Stubentiger als Bewohner kleiner Läden sind nichts Neues, weder in New York, noch in Hong Kong. Doch manche streben nach etwas mehr Luxus, wie die Fellnasen in Manhattans Hotel „Algonquin“. Wir haben für Sie zusammengefasst, was es mit dieser ganz besonderen Tradition auf sich hat.

Vom Streuner zum Ehrengast

Der erste vierbeinige Bewohner des New Yorker Nobelhotels war Billy: Der Streuner suchte Anfang der 1920er Jahre in der Lobby nach Schutz und Futter und wurde zum Stammgast.

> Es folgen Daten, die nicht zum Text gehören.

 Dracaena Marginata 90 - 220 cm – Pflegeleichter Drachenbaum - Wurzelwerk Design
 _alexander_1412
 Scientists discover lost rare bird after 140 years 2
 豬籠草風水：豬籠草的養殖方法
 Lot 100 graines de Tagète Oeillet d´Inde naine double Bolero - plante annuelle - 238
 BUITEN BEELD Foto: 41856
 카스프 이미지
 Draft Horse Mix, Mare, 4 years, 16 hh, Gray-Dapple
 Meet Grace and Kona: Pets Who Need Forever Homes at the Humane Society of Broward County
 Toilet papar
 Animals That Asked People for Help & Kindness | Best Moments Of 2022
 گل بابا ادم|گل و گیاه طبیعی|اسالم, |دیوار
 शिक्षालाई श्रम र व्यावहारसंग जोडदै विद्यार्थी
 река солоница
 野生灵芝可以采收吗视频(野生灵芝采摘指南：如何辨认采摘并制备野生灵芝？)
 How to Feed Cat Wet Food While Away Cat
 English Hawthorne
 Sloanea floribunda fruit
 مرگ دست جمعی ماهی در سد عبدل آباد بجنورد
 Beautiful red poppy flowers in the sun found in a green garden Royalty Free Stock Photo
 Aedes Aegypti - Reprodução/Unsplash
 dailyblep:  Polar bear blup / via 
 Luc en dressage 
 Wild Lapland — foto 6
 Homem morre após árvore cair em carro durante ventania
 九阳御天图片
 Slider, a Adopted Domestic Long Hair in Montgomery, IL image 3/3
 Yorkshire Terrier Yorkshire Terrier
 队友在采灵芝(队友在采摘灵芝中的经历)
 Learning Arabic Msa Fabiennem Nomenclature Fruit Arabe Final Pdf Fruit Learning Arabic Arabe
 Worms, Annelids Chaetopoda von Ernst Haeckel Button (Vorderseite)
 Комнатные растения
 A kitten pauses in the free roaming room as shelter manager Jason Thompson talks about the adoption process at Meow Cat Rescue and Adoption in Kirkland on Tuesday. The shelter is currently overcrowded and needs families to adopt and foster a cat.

Damit stellte Billy den Beginn des ungewöhnlichen Brauches dar, denn seitdem wird im Algonquin stets eine Samtpfote beherbergt. Billys Nachfolger war Hamlet der Erste, welcher seinen Namen aufgrund seiner gelegentlichen „Starallüren“ erhalten hatte, und nach welchem auch die folgenden Kater benannt werden sollten.

Kein Haar in der Suppe

Zwar werden auch die Sofalöwen mit besonderen Leckereien verwöhnt, allerdings haben sie in der Küche und im Restaurantbereich des Algonquins nichts zu suchen. 2011 kam eine neue Regelung der Gesundheitsbehörden hinzu, welche auch die Lobby zur Tabu-Zone für Katzen erklärte, da dort ebenfalls Essen serviert wurde. Dem begegneten Fans der Fellnasen mit Entsetzen, da dies für die damalige Anwohnerin Matilda Leinenzwang bedeutete, bis sie durch Training gelernt hatte, auch die Lobby nicht zu betreten. Gleichzeitig begründete der Bürgermeister die neuen Vorschriften damit, dass es den Hygienestandard der New Yorker Restaurants anheben würde.

Hamlet der Siebte

Matilda die Dritte war vermutlich die berühmteste aller Samtpfoten, sie schaffte es sogar ins Fernsehen. Ihr Leben als Hotelkatze erforderte Geduld und Gelassenheit im Umgang mit den vielen Besuchern, die Fotos von ihr machen wollte und Fanpost für sie schrieben. Im Juli 2017 wurde sie schließlich in die Rente entlassen und von einem Gast adoptiert, bei welchem sie bis zu ihrem Tod im Oktober ihren Ruhestand genießen konnte. Ihr Nachfolger ist Hamlet der Siebte, der nun als neuer „Katzenbotschafter“ fungiert und dessen Aktivitäten Sie auf seiner eigenen Facebook-Seite verfolgen können.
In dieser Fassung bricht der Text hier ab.